Formation. Comment devient-on mrda ?

Selon la blague, la chose se passerait de la manière suivante : plusieurs candidats sont regroupés sur une grande place. L'instructeur demande aux candidats bacheliers de se mettre à droite, les autres à gauche. Ceux qui restent au milieu, et qui n'ont donc même pas compris la question, sont engagés sur le champ dans les Forces auxiliaires. “Cela renseigne sur le niveau scolaire modeste, réel ou supposé, des Forces auxiliaires”, explique un militaire. En réalité, le recrutement au sein des FA suit deux processus différents. Dans le cas du candidat sous-officier, un concours est lancé par l'Inspection générale. Le candidat doit disposer au moins du niveau bac. Il suit une formation d’un an à dix-huit mois à l'école des Forces auxiliaires de Benslimane, pour devenir “moussaïd”, quatrième rang en bas de l'échelle. Pour les deuxième classe (les mokhaznis et les brigadiers), un certificat d'études primaires et une bonne condition physique suffisent. Ceux-ci reçoivent une formation de quelques mois dans l'un des centres d'instruction des FA et héritent, dans la majorité des cas, des fonctions et des postes occupés par leur parents, partis à la retraite. “Mokhazni est souvent une fonction héréditaire. Les fils de nos hommes sont les nôtres”, explique un colonel à la retraite.

Pour les officiers, c'est une tout autre histoire. Notes à l'examen du baccalauréat, taille, aptitudes physiques… les conditions d'admission sont plus strictes. Les candidats retenus par une commission de présélection des FA participent ensuite au concours d'accès au cycle des élèves-officiers de l'Académie militaire de Meknès. “Il y suivent le même cursus que tous les autres élèves. Mais les élèves-officiers des FA restent souvent la risée de leurs camarades tout au long des quatre années d'études”, explique un gradé. L'officier FA passe ensuite par un stage d'application, avant d'être affecté à son poste. Selon certaines sources internes, “plusieurs officiers des FA ont fait l'Ecole d'état-major et certains seraient même diplômés de l'Ecole de guerre”.

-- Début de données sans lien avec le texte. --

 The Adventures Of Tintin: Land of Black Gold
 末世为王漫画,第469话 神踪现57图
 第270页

[Répartition géographique des forces auxiliaires]


Renseignement. Les yeux et les oreilles

Officiellement, les Forces auxiliaires disposent d'un simple service de sécurité interne (qui existe, par ailleurs, dans tous les corps d’armée). Ce dernier permet au corps de garder un œil sur les hauts gradés, leurs stocks d'armes et de munitions, etc. Mais parallèlement, les FA exercent une fonction de renseignement officieuse, mais parfaitement institutionnalisée. “Ce sont des agents qui sont partout et qui vivent dans la ville ou le village où ils sont affectés. Ils gardent la villa du gouverneur, introduisent les invités chez le caïd et tendent l'oreille dans les souks et les hôpitaux. Ils se retrouvent donc au centre d'une masse d'informations qu'ils rapportent en vrac à leurs supérieurs directs”, explique un cadre du ministère de l'Intérieur.

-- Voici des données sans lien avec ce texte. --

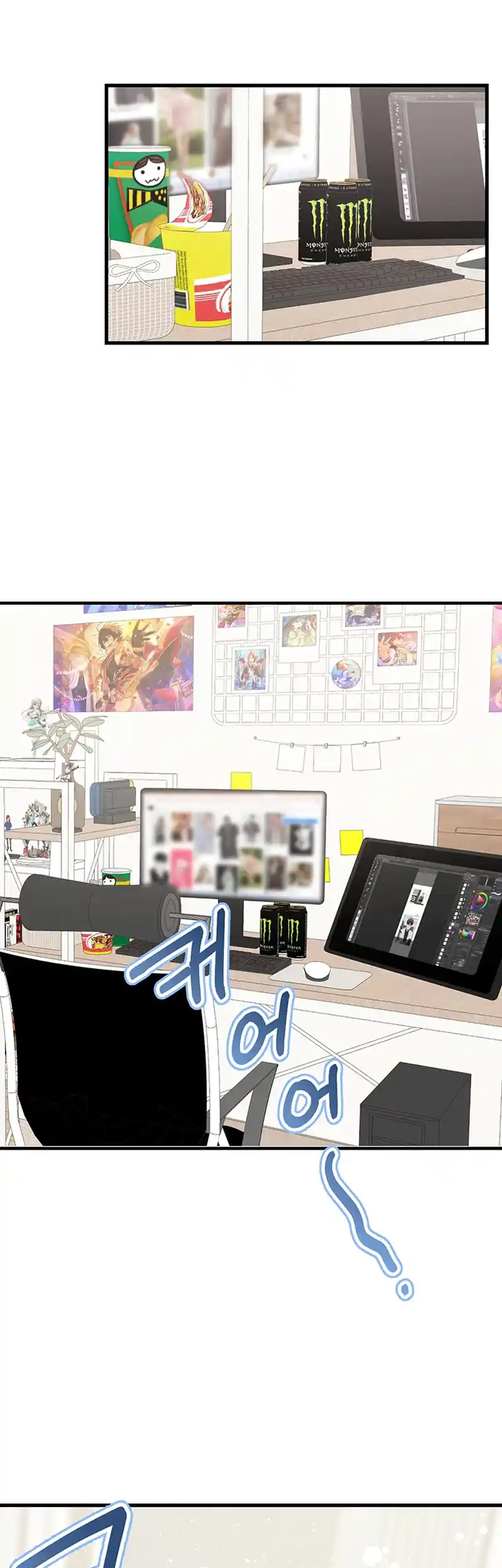 Please Keep My Double Life a Secret! Chapter 3 229 51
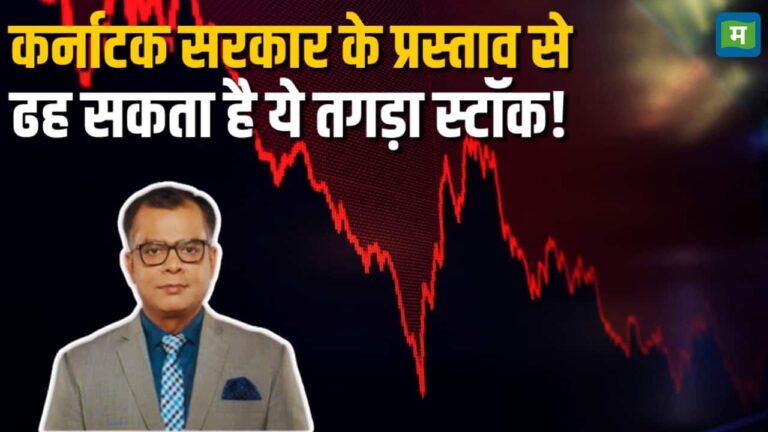 कर्नाटक सरकार के प्रस्ताव से ढह सकता है ये तगड़ा स्टॉक!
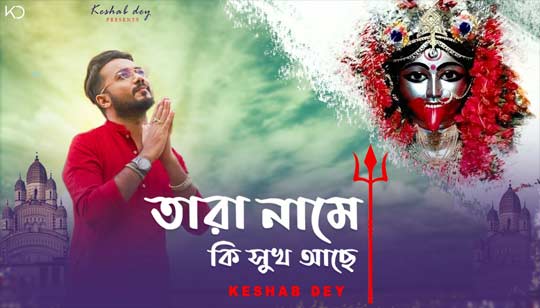 Tara Name Ki Shuk Ache Lyrics (তারা নামে কি সুখ আছে) Keshab Dey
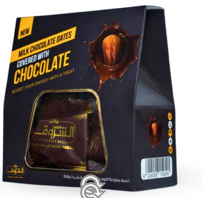 تمر منزوع النوي مغطي بالشيكولاته 250 جرام Pitted dates covered with chocolate 250 grams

L'information collectée parvient ensuite jusqu'à l'Inspection générale, qui rédige à son tour des rapports “à l'attention exclusive, insiste-t-on, du ministère de l'Intérieur”. Ce n'est pas pour rien que, dans les cercles sécuritaires, on a l'habitude de présenter le mokhazni de base comme le meilleur élément des renseignements au Maroc. “On le croit naïf et inoffensif, on se méfie donc peu de lui. Cela lui permet d'être partout sans être vu ou remarqué”, affirme un officier.


[L’arsenal du mokhazni]


Plus loin. Nos indigènes à nous

Jamel Debbouze devrait sérieusement penser à tourner une suite du récent film qu'il a co-produit, Indigènes. Car l'histoire de ces braves goumiers marocains ne s'est pas arrêtée au dernier coup de canon tiré par les Allemands. Après leur retour au pays, les vieux combattants, les blessés et mutilés de guerre marocains ont eu une seconde vie, plus rock'n roll. Au lieu de se retirer dans leur petits villages oubliés, ils ont été rappelés par leurs chefs pour constituer, de bric et de broc, un corps devenu très vite la risée d'un peuple fraîchement indépendant.

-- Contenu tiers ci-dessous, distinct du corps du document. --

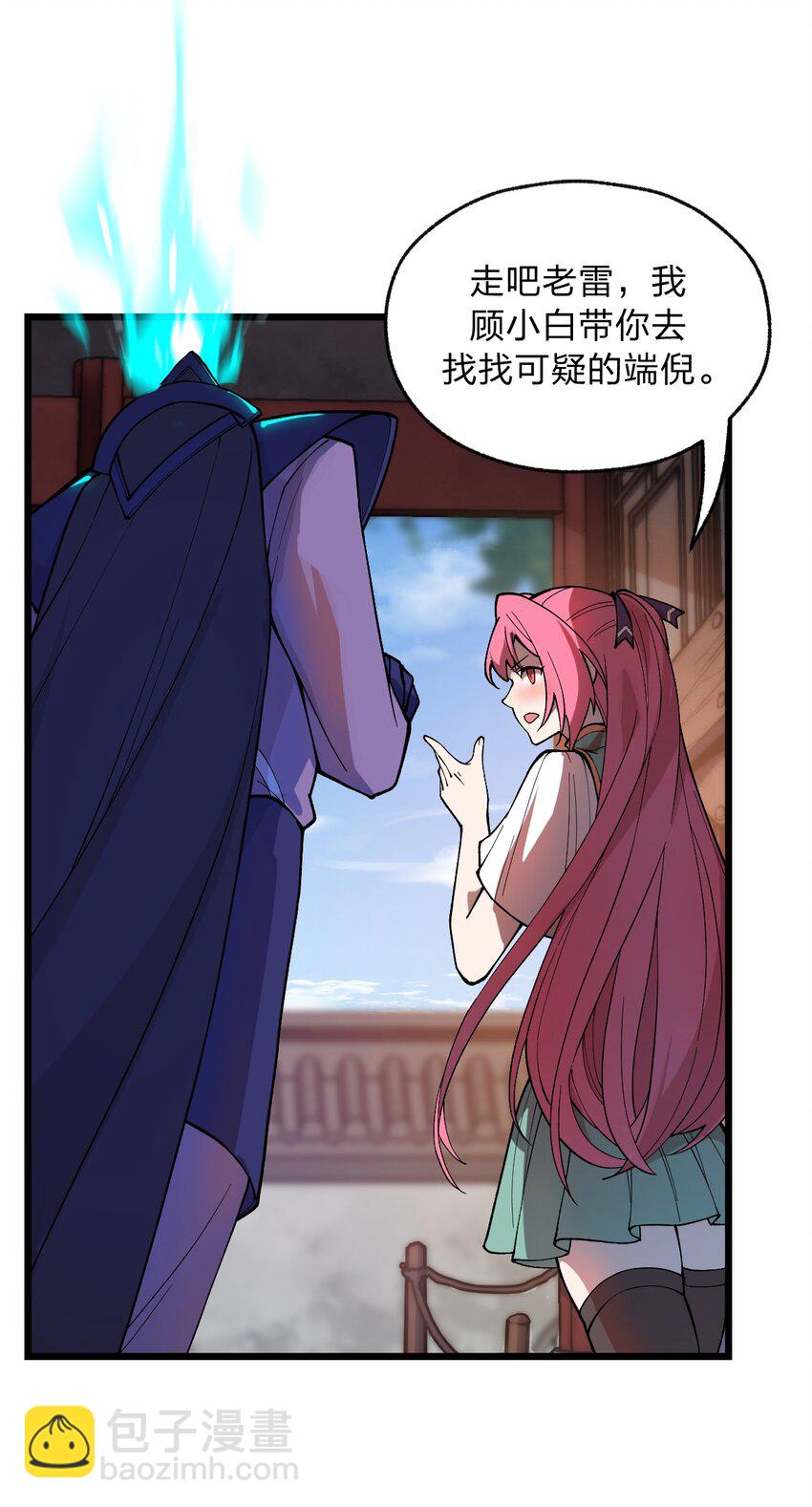 036 你们在一本正经地说什么呢?!-第37话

50 ans durant, les héritiers des goumiers ont servi sous les ordres de tout le monde : militaires, gendarmes, chaouchs, fonctionnaires des eaux et forêts, caïds, et même quelques élus… Ils ont bouché tous les trous du système et servi de chair à canon pendant la guerre du Sahara. Ils ont été poussés à réprimer leurs propres enfants à l'entrée des stades, des cinémas ou à la sortie des lycées. Ils ont été les boucs émissaires de toutes les violences et exactions du précédent règne… et le défouloir d'un peuple opprimé, mais qui leur ressemble tant. Car au final, un mokhazni n'a jamais fait peur à personne. Avec lui, on se contente d'esquiver les coups, en lançant quelques boutades pour amuser la galerie.

Aujourd'hui, de vieux mokhaznis veulent monter une petite association d'anciens combattants des Forces auxiliaires. “On veut juste enterrer nos morts dignement”, disent-ils, en s'excusant presque. Mais de hauts gradés s'y opposent toujours. “Comment osent-ils ? Ils veulent donc se mesurer à nous autres, vrais militaires ?”, se sont-ils notamment vu répondre. Ils ont frappé à toutes les portes, en vain. Ils ont finalement attendu la naissance d'un petit prince au palais royal, pour adresser leurs félicitations à Sa Majesté le père, au nom de l'Association des anciens combattants des FA. Ils ont longtemps attendu… puis un beau jour, ils ont reçu une lettre de remerciements signée Mohammed VI, roi du Maroc. La correspondance royale n'a évidemment aucune valeur légale, mais ce jour-là, devant leurs miroirs, certains mokhaznis ont dû remettre leur fameux béret kaki, en se disant : “tgoul ghir chi jadarmi safi”.